--- EXTRACTED ENTRIES Enclosed Below ---

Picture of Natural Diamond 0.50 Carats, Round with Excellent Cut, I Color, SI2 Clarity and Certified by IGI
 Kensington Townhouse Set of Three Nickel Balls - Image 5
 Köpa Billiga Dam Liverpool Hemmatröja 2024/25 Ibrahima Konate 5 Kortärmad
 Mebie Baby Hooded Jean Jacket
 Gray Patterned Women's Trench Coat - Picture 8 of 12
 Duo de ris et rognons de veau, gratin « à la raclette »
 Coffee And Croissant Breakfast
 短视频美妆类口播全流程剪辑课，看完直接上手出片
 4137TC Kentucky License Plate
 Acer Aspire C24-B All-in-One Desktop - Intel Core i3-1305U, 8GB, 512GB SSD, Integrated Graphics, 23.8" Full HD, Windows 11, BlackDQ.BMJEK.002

--- End of Enclosed EXTRACTED ENTRIES ---

(BRIEF): Each of the records should be written out again, exactly as it reads.

(ANSWER SECTION):
Picture of Natural Diamond 0.50 Carats, Round with Excellent Cut, I Color, SI2 Clarity and Certified by IGI
 Kensington Townhouse Set of Three Nickel Balls - Image 5
 Köpa Billiga Dam Liverpool Hemmatröja 2024/25 Ibrahima Konate 5 Kortärmad
 Mebie Baby Hooded Jean Jacket
 Gray Patterned Women's Trench Coat - Picture 8 of 12
 Duo de ris et rognons de veau, gratin « à la raclette »
 Coffee And Croissant Breakfast
 短视频美妆类口播全流程剪辑课，看完直接上手出片
 4137TC Kentucky License Plate
 Acer Aspire C24-B All-in-One Desktop - Intel Core i3-1305U, 8GB, 512GB SSD, Integrated Graphics, 23.8" Full HD, Windows 11, BlackDQ.BMJEK.002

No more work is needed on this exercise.